And yet here we are, Jaspir Singh and I, reminiscing about old Indian songs (he’s surprised that I know them, I tell him my father was a fan), driving through Seattle, transported to the Punjab of 1985. He’s been here for 15 years, much like me. Neither of us thinks we’ll go back. We share our enthusiasm for the American dream, we see it being more than just a dream. We see it realize in our own lives. We value our safety. We laugh about how petty crime in India and Pakistan is usually instigated by the cops and how they’re the last people one should involve in civil disputes. We worry about a Trump America. We worry about us in Trump America. We speak about violence against Sikhs after 9/11. My building approaches. He reminds me of my grandfather. He says Khudahafiz as I say Namaste. I begin my day at work.

On the way home, Youssef, the Moroccan bachelor picks me up. He thinks I’m Iranian. We discuss the meaning of Mona. He tells me it’s a common name in Morocco. I tell him that’s what his countrymen told me when I was there. He’s elated that I’ve been to his home town. Mission accomplished :). We discuss the merits and demerits of various tagines. There is no authentic Moroccan food in Seattle. He’s going home in October though. And he will be bringing a wife back so perhaps there will be more tagine and couscous in his life after that. She’s a professional lady though, he tells me. We discuss visas and green cards. He won the green card lottery. His family thinks he’s the luckiest man in the world. He doesn’t feel lucky, his ex-wife cheated on him. But the new lady, she is more mature. He’s sad when I answer his question about children. Gives me advice that I should reconsider. I wish him luck with his lady. It’s time to go and feed my cats.

Jake, the musical nomad picks me up after taking several “2 minutes away”. I’m his last ride of the morning and it’s just 7:30 AM. He targets the early morning airport crowd, then heads back to his basement apartment in Edmunds and writes music. The scene for composers isn’t all that great up here. He moved here from Idaho with his girlfriend, then she broke up with him and two years in, he’s ready to try his luck in the city of angels. The Seattle Freeze is real, we agree, especially for people like him and I, people that don’t like to climb up mountains or go kayaking. Whatever happened to good old conversation?  He’s tentative in asking about where I’m from but I can tell he’s curious. That’s so RAD, he tells me when he finds out. Time to open the door and walk into another day.

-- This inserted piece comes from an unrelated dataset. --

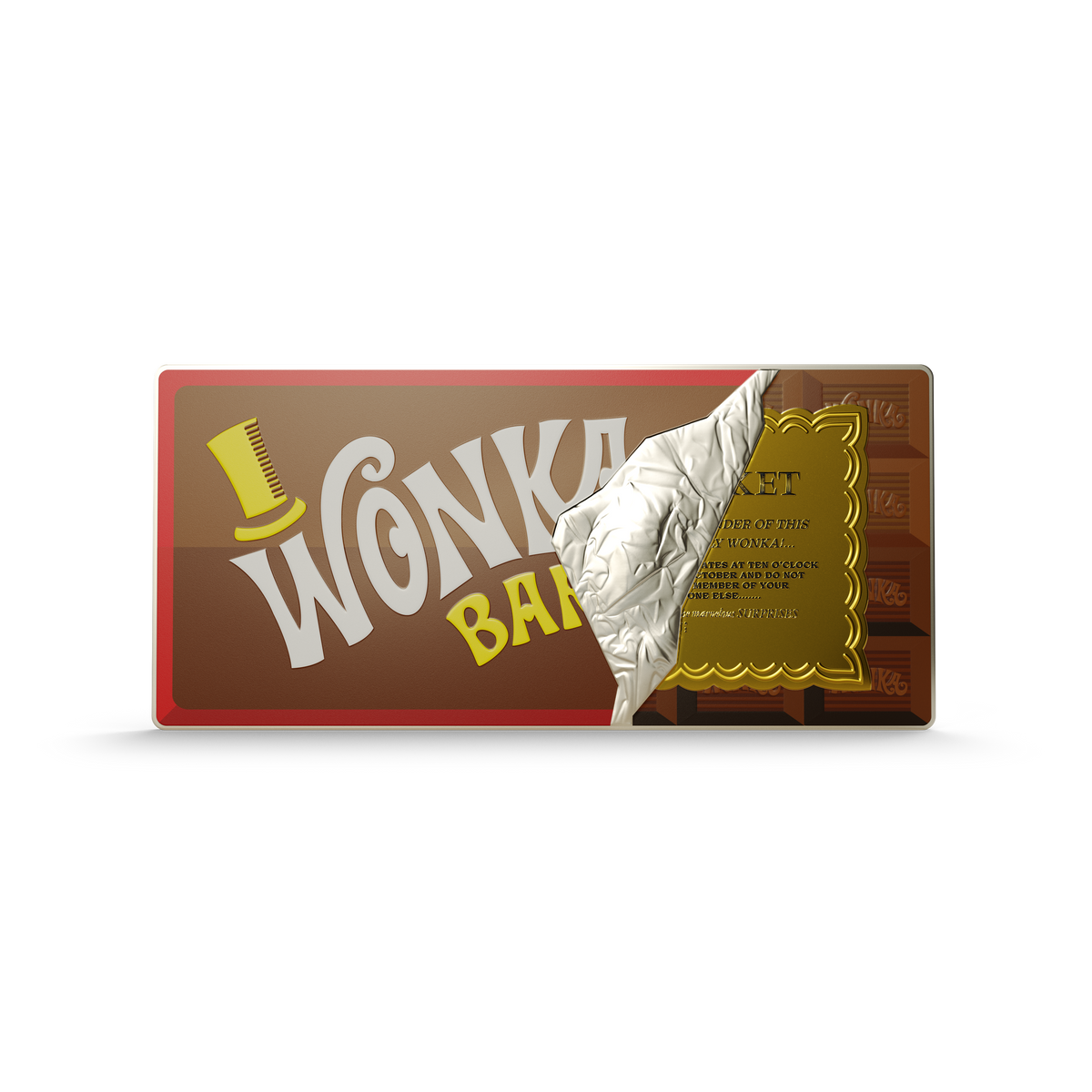 Willy Wonka & The Chocolate Factory Wonka Bar 20 Oz Silver Collectible agoro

You work and you work and you work and then you die, my Somali Lyfter tells me as he picks me up from Amperity’s CEO’s house at 11 PM (late pow-wow for the leadership team). I’m tired. I don’t think I’m going to enjoy this conversation, but then he takes a different direction. And once you make your peace with that, life is good. Why else would you and I both be working at this hour, he says as he laughs at the ultimate hack that is life. He’s out driving me around so his mother, his wife and three children in Berbera don’t have to worry about food and rent. I think about my mother, puttering through her morning in Lahore, probably in the kitchen making something garlicy. I long for her food. I’ll go home in 6, 7, 8…8 months. We’re at the front door of my loft. Time to snuggle and sleep.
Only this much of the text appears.